The Safety 'Staircase'
Simple principles can help when dealing with major challenges, like the safety and security of complex engineered systems.
Today’s post is perhaps a bit techy - but please bear with it, as it concerns important issues that many of us will have to get to grips with as transport technology continues to leap forward.
Gradual technological evolution
No one person fully understands how modern complex vehicle systems, like aeroplanes and rolling stock, work. However many people have to work together to build, operate and maintain them. To cope with this reality we build models and devise concepts to help us collaborate on them. But these models and concepts are imperfect.

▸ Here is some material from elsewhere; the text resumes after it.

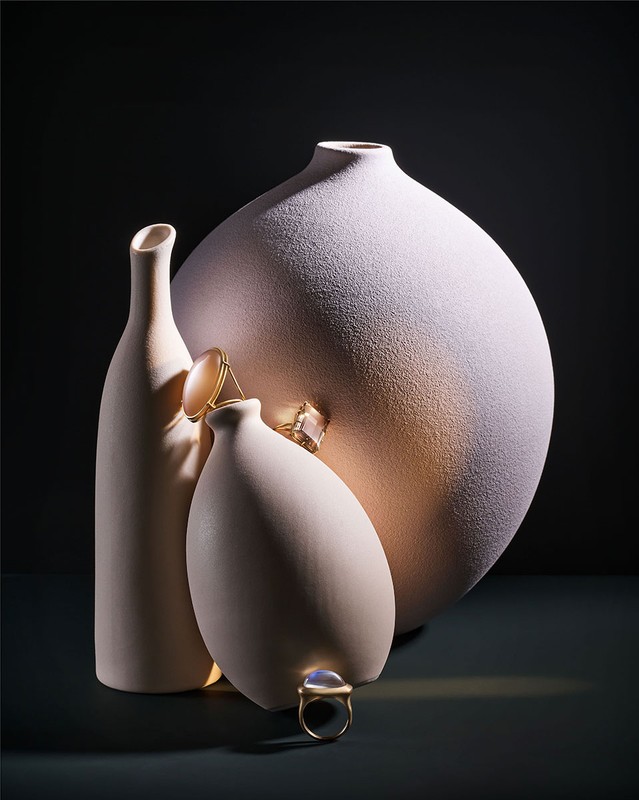 Still life shot of three vases in different sizes with gold rings on top in front of a dark background, studio lighting.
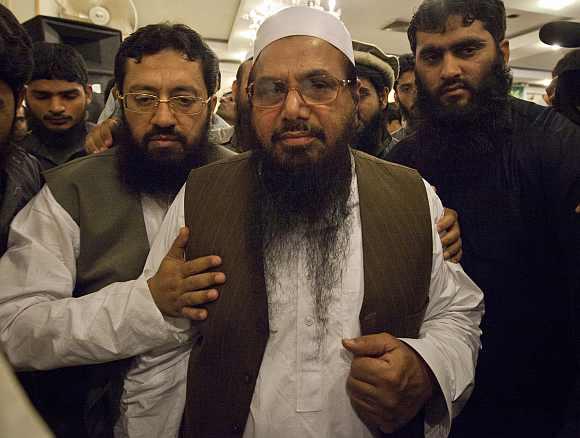 Hafiz Saeed, the head of Jamaat-ud-Dawa and founder of Lashkar-e-Tayyiba, is surrounded by his supporters as he leaves after a news conference in Rawalpindi near Islamabad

The complexity of these vehicles is increasing incrementally and in real-time. Each technological advance compounds with the previous one, and we rarely have the opportunity to take a step back and take a fresh whole system view. But if we wish them to function safely the whole system has to be collectively understood.
Edging towards danger
This gradual creep in technological complexity can create unsafe conditions: a process that was tragically evident in the causation of the fatal crashes of the Boeing 737 Max aeroplanes in Indonesia and Ethiopia in 2018 and 2019. The immediate cause of those accidents was determined to relate to the plane’s Manoeuvring Characteristics Augmentation System (MCAS) which was designed to adjust the horizontal stabilizer trim of the plane to push its nose down so that the pilot would not inadvertently pull the airplane up too steeply and cause a stall. In both crashes it was determined that the MCAS was activated by erroneous indications from its sensors, which were not duplicated in the design to protect against one failing. The investigation found that:
the MCAS was not evaluated as a complete and integrated function in the certification documents that were submitted to the [safety regulator].
The detailed design had been undertaken without effective consideration of either the total reliability of the plane or the challenges of actually piloting it when its key sensor had failed.
The ‘waterfall’ model
The current generation of vehicle system safety standards were originally developed in the 1980s and 1990s. They are based on the ‘waterfall’ model of system development. The elegant and simple concept is that key system requirements, including those that ensure safety, are set and then passed to each lower level system and its supplier. Then each component, or sub-system is checked against the right level of requirements when it is delivered. This should ultimately lead to the whole system meeting the top level requirements initially set - something that is also checked.
Just the name of this model indicates some of the flawed assumptions that underpin it. The concept of a ‘waterfall’ implies an elegant flow that will occur naturally of its own volition. But in reality the ‘waterfall’ process has to be carefully and actively managed at all times.
For modern complex systems, there is rarely a ‘god-like’ central design authority: modern planes and trains are ‘systems of systems’ with individual elements developed to their own plan at some other time. The ‘waterfall’ activities do not therefore happen in a fixed, logical and sequential order. The necessary evidence that the model has been correctly applied arises haphazardly at different times, making the check that requirements have ultimately been met difficult.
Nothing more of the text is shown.